Activity
Exactly as they stand, the data below are to be printed again.
────────
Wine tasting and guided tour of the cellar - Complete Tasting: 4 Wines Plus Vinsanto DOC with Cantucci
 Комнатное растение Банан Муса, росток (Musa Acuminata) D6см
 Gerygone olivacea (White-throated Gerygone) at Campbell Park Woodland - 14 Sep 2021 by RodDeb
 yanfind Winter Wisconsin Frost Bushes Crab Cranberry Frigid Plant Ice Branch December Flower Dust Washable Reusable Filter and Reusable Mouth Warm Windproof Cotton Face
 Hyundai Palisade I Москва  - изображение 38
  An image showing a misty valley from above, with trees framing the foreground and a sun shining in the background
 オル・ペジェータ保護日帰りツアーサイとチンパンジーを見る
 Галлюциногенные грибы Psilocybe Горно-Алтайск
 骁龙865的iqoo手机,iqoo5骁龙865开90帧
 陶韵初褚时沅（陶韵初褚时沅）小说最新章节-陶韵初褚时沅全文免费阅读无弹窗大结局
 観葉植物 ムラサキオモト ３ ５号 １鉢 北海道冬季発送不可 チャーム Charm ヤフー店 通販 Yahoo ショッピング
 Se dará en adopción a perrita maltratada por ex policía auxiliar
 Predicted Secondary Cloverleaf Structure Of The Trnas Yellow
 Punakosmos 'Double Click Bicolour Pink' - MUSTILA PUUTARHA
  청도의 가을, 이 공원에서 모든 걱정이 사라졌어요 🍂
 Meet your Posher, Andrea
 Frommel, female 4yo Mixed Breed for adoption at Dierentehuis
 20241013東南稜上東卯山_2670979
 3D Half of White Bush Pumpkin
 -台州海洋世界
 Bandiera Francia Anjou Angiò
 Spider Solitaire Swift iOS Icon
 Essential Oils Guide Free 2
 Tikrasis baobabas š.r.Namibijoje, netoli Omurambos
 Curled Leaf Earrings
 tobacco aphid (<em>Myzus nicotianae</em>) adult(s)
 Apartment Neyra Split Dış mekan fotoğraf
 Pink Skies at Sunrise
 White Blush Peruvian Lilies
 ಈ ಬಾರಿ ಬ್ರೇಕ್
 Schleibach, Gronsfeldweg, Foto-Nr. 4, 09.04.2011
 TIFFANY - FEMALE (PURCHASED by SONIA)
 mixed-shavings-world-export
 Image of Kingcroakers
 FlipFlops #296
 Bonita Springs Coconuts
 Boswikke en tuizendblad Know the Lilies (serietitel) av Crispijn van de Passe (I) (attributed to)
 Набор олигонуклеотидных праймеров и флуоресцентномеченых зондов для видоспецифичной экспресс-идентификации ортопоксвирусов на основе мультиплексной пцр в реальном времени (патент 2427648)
────────
Reply to the task
Wine tasting and guided tour of the cellar - Complete Tasting: 4 Wines Plus Vinsanto DOC with Cantucci
 Комнатное растение Банан Муса, росток (Musa Acuminata) D6см
 Gerygone olivacea (White-throated Gerygone) at Campbell Park Woodland - 14 Sep 2021 by RodDeb
 yanfind Winter Wisconsin Frost Bushes Crab Cranberry Frigid Plant Ice Branch December Flower Dust Washable Reusable Filter and Reusable Mouth Warm Windproof Cotton Face
 Hyundai Palisade I Москва  - изображение 38
  An image showing a misty valley from above, with trees framing the foreground and a sun shining in the background
 オル・ペジェータ保護日帰りツアーサイとチンパンジーを見る
 Галлюциногенные грибы Psilocybe Горно-Алтайск
 骁龙865的iqoo手机,iqoo5骁龙865开90帧
 陶韵初褚时沅（陶韵初褚时沅）小说最新章节-陶韵初褚时沅全文免费阅读无弹窗大结局
 観葉植物 ムラサキオモト ３ ５号 １鉢 北海道冬季発送不可 チャーム Charm ヤフー店 通販 Yahoo ショッピング
 Se dará en adopción a perrita maltratada por ex policía auxiliar
 Predicted Secondary Cloverleaf Structure Of The Trnas Yellow
 Punakosmos 'Double Click Bicolour Pink' - MUSTILA PUUTARHA
  청도의 가을, 이 공원에서 모든 걱정이 사라졌어요 🍂
 Meet your Posher, Andrea
 Frommel, female 4yo Mixed Breed for adoption at Dierentehuis
 20241013東南稜上東卯山_2670979
 3D Half of White Bush Pumpkin
 -台州海洋世界
 Bandiera Francia Anjou Angiò
 Spider Solitaire Swift iOS Icon
 Essential Oils Guide Free 2
 Tikrasis baobabas š.r.Namibijoje, netoli Omurambos
 Curled Leaf Earrings
 tobacco aphid (<em>Myzus nicotianae</em>) adult(s)
 Apartment Neyra Split Dış mekan fotoğraf
 Pink Skies at Sunrise
 White Blush Peruvian Lilies
 ಈ ಬಾರಿ ಬ್ರೇಕ್
 Schleibach, Gronsfeldweg, Foto-Nr. 4, 09.04.2011
 TIFFANY - FEMALE (PURCHASED by SONIA)
 mixed-shavings-world-export
 Image of Kingcroakers
 FlipFlops #296
 Bonita Springs Coconuts
 Boswikke en tuizendblad Know the Lilies (serietitel) av Crispijn van de Passe (I) (attributed to)
 Набор олигонуклеотидных праймеров и флуоресцентномеченых зондов для видоспецифичной экспресс-идентификации ортопоксвирусов на основе мультиплексной пцр в реальном времени (патент 2427648)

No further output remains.